The length of a string s can be discovered using the built-in function len. The length is a compile-time constant if the string is a constant.

Byte types

Byte is a simplify expression of uint8 for most cases.

Union types

TODO

Option types

TODO

Function types

A function type denotes the set of all functions with the same parameter and result types.

FunctionType   = "function" Signature .
Signature      = Parameters [ Result ] .
Result         = Parameters | Type .
Parameters     = "(" [ ParameterList [ "," ] ] ")" .
ParameterList  = ParameterDecl { "," ParameterDecl } .
ParameterDecl  = [ IdentifierList ] [ "..." ] Type .
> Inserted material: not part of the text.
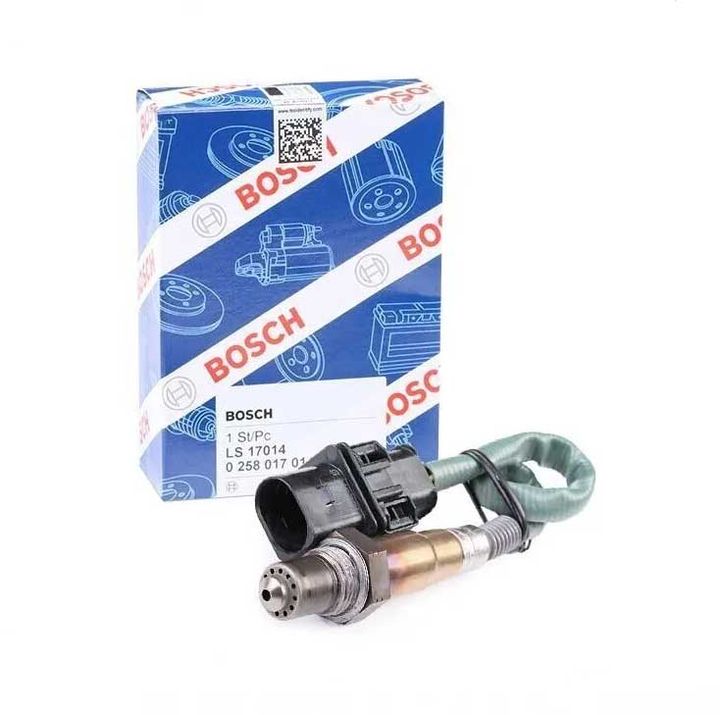 BOSCH (BOS # LS 17014) LAMDA SENSOR For Mercedes Benz W463 W639 0258017014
Within a list of parameters or results, the names (IdentifierList) must all be present. Each name stands for one item (parameter or result) of the specified type and all non-blank names in the signature must be unique. Parameter and result lists are always parenthesized except that if there is exactly one unnamed result it may be written as an unparenthesized type.

function()
function(x uint8) uint8
function(a, _ uint32, z uint64) bool

Complex Types

Array types

TODO

Vector types

An vector is a numbered sequence of elements of a single type, called the element type. The number of elements is called the length of the vector and is never negative.
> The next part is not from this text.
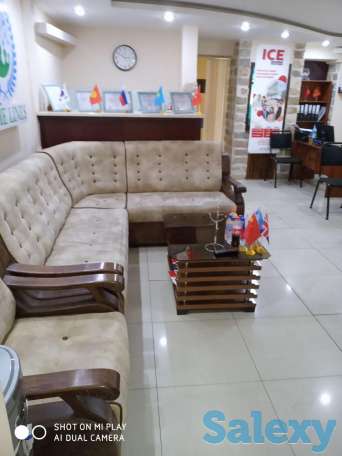 Офис  в аренду. Новомосковская, фотография 3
VectorType   = "[" VectorLength "]" ElementType .
VectorLength = Expression .
ElementType = Type .

The length is part of the vector's type; it must evaluate to a non-negative constant representable by a value of type int. The length of vector a can be discovered using the built-in function size. The elements can be addressed by integer indices 0 through len(a)-1. Vector types are always one-dimensional but may be composed to form multi-dimensional types.

Struct

TODO

Table types

A table is a sequence of named elements, called fields, each of which has a name and a type. Field names may be specified explicitly (IdentifierList) or implicitly (EmbeddedField). Within a table, non-blank field names must be unique.

TODO

Blocks

A block is a possibly empty sequence of declarations and statements within matching brace brackets.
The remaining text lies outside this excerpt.